Le délai varie selon votre situation et le praticien consulté. En général, après votre première consultation, vous devrez effectuer des examens sanguins et d’autres bilans de santé. Une fois les résultats obtenus (comptez 2 à 4 semaines), vous aurez une nouvelle consultation pour les analyser. Si tout est en ordre et qu’il n’y a pas de contre-indication, le traitement peut débuter lors de cette deuxième consultation. Dans l’idéal, le délai entre la première consultation et le début du traitement est de 1 à 2 mois, mais il peut être plus long selon les délais de rendez-vous et les examens nécessaires.
Est-ce que je pourrai arrêter le traitement si je change d’avis ?
Oui, absolument. Vous restez toujours libre de vos choix concernant votre corps et votre parcours. Certains effets de l’hormonothérapie sont réversibles si vous arrêtez le traitement (comme la redistribution des graisses ou certains changements cutanés), tandis que d’autres sont permanents (comme la modification de la voix pour les personnes sous testostérone, ou le développement mammaire pour celles sous œstrogènes). Il est important de bien comprendre ces distinctions avant de commencer. Si vous décidez d’arrêter, discutez-en avec votre médecin qui pourra vous accompagner dans cette décision et surveiller les éventuels effets de l’arrêt.
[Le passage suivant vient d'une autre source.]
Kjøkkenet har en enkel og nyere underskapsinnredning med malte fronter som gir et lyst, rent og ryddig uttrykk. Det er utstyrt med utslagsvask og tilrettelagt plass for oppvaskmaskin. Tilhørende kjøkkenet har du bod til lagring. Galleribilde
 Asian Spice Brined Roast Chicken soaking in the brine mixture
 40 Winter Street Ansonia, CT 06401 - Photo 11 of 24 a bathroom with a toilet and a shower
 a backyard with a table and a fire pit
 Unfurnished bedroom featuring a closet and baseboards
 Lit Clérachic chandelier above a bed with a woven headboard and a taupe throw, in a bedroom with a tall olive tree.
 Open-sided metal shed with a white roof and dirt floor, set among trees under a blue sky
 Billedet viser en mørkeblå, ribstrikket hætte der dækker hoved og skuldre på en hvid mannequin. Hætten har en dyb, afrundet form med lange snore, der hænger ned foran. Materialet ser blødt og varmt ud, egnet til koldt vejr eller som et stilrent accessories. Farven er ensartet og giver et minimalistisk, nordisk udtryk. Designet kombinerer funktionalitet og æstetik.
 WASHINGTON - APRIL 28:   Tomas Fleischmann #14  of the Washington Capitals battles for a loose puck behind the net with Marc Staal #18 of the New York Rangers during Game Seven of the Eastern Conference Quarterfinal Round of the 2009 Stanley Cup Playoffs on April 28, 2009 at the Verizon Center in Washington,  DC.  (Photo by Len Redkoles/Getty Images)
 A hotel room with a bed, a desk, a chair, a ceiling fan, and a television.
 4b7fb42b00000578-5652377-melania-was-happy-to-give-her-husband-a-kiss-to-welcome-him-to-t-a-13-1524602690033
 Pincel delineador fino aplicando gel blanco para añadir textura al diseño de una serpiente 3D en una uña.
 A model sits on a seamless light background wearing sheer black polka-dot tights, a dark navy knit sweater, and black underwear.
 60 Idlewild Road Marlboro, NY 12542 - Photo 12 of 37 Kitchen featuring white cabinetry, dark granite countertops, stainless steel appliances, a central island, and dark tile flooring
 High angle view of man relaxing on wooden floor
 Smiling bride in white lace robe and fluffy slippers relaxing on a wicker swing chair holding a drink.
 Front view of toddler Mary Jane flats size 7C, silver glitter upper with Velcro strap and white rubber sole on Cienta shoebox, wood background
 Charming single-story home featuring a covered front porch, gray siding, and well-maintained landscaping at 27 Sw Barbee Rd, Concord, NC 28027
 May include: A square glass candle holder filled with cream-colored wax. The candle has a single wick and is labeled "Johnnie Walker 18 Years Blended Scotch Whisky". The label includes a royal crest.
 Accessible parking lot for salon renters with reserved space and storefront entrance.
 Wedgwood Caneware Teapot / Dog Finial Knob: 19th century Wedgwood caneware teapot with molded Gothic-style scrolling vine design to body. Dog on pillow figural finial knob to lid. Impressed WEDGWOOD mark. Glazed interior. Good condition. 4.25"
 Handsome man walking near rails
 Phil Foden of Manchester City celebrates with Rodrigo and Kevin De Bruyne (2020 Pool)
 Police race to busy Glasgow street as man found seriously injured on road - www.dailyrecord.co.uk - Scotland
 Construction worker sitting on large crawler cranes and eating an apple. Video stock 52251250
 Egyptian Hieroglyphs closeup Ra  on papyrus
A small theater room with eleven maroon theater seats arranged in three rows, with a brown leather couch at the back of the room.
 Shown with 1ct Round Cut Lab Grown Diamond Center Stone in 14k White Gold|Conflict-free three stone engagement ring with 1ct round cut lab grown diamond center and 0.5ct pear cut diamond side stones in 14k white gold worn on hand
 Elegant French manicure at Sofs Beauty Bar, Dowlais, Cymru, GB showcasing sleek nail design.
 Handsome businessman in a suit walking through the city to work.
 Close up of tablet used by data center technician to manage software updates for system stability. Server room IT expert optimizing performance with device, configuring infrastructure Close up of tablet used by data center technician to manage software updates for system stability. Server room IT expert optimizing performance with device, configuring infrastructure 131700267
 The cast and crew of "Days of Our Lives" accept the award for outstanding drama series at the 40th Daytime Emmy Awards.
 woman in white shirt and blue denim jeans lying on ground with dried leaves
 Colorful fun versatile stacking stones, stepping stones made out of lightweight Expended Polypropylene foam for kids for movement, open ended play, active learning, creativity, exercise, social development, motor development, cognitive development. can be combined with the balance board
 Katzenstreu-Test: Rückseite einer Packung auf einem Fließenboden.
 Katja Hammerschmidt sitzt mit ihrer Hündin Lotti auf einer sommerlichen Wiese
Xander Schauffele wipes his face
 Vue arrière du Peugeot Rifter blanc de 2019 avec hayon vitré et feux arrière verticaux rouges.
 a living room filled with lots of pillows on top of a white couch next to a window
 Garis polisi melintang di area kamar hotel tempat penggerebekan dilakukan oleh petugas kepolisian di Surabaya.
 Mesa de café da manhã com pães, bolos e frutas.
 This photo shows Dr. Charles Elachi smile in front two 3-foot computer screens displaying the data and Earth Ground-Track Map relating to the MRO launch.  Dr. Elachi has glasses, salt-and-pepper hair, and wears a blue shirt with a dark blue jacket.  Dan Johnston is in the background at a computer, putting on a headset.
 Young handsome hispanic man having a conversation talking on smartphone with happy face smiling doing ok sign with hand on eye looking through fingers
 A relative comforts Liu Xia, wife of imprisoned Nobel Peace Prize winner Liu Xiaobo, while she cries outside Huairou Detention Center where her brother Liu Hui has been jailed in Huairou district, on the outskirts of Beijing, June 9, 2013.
Comment gérer l’attente et l’impatience avant de commencer le traitement ?
L’attente peut être difficile à vivre, surtout quand vous avez pris votre décision et que vous êtes prêt à commencer. Voici quelques conseils : concentrez-vous sur les étapes que vous pouvez déjà franchir (rassembler votre dossier médical, faire vos examens), rejoignez des groupes de soutien où échanger avec d’autres personnes qui comprennent ce que vous vivez, prenez soin de vous au quotidien (activité physique, alimentation équilibrée, sommeil), explorez d’autres aspects de votre transition qui ne nécessitent pas d’hormonothérapie (présentation sociale, changement de prénom, etc.), et gardez en tête que chaque étape du processus vous rapproche de votre objectif. L’attente fait partie du parcours et permet aussi de vous préparer psychologiquement à ce changement important.